*** Data excerpt

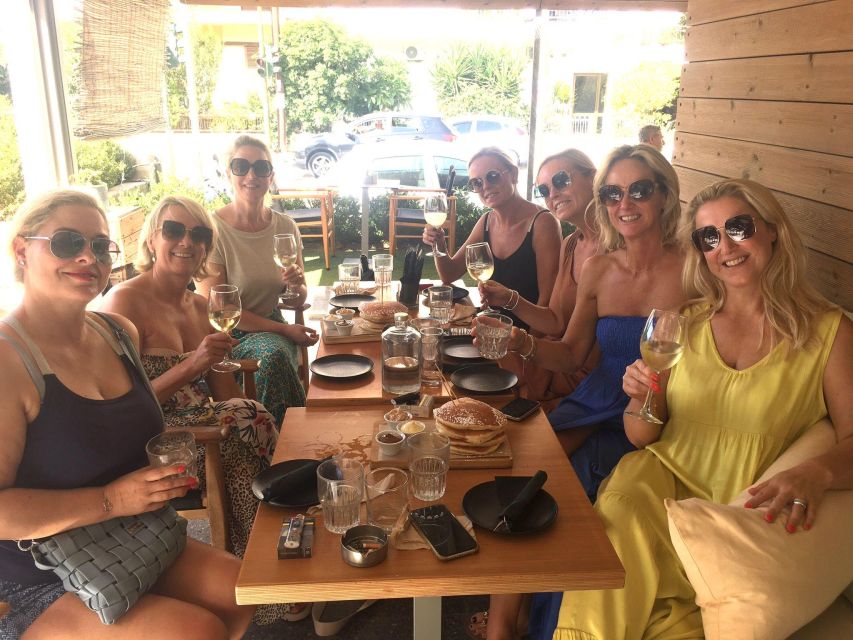 Heraklion: Walking city tour & Wine tasting - The Cretan wine tasting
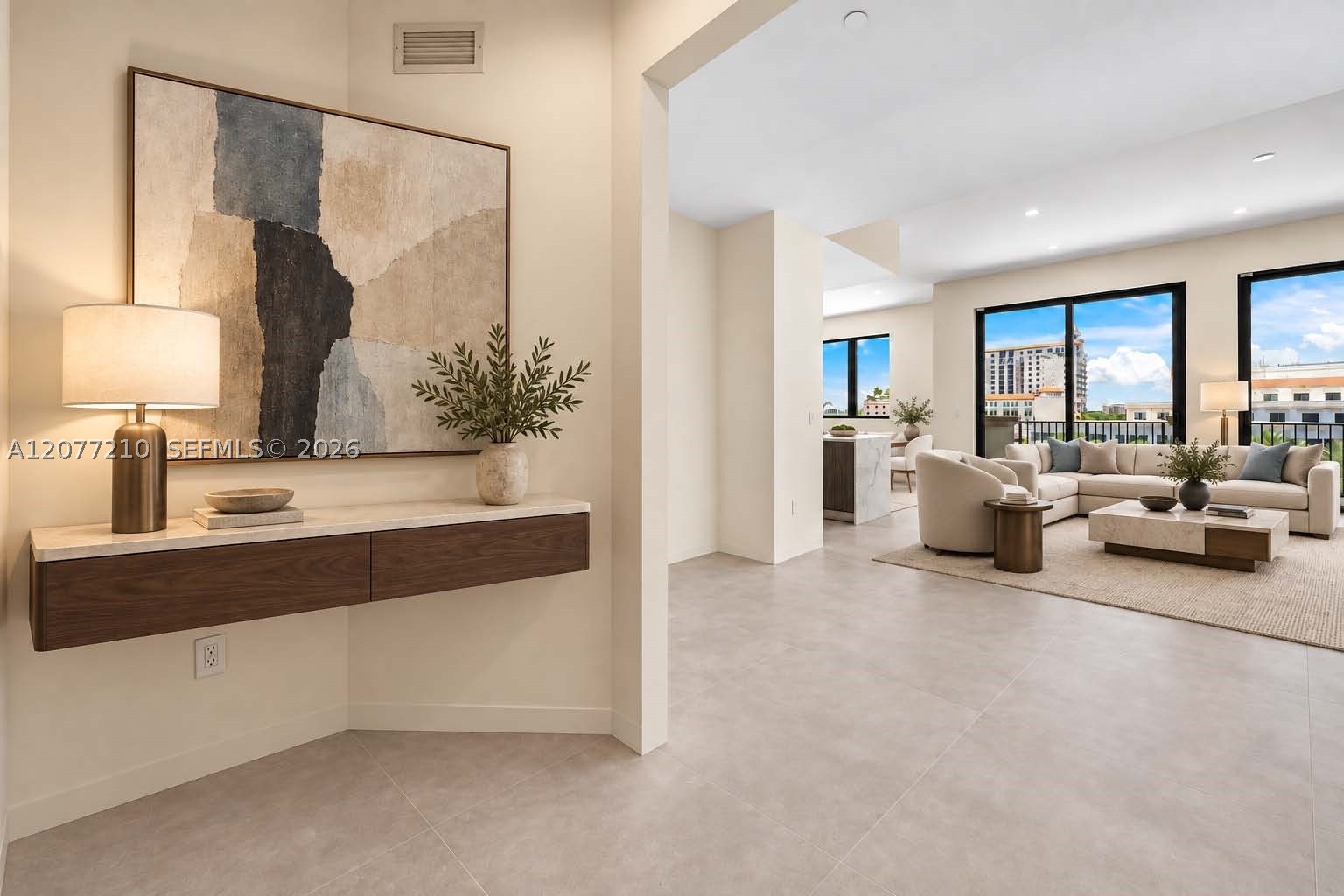 275 Giralda Ave #6A Coral Gables, FL 33134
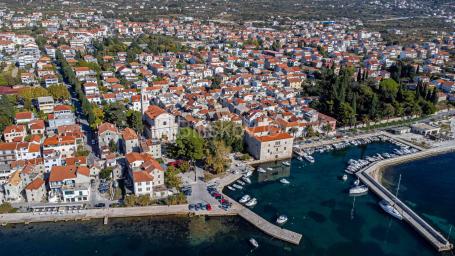 Prodaja, renovirana kamena kuća u nizu, Kaštel Lukšić, 80 m2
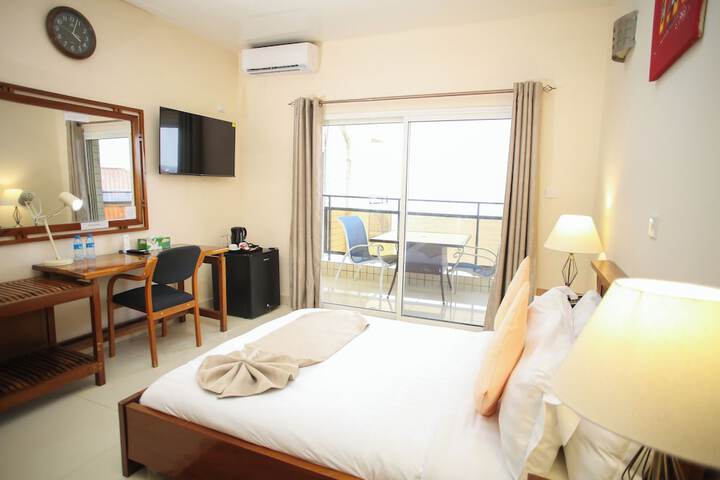 Room 4 of 67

******

#### Assignment
Would you print the whole listing exactly, omitting the pictures?

#### Task solution
 Heraklion: Walking city tour & Wine tasting - The Cretan wine tasting
 275 Giralda Ave #6A Coral Gables, FL 33134
 Prodaja, renovirana kamena kuća u nizu, Kaštel Lukšić, 80 m2
 Room 4 of 67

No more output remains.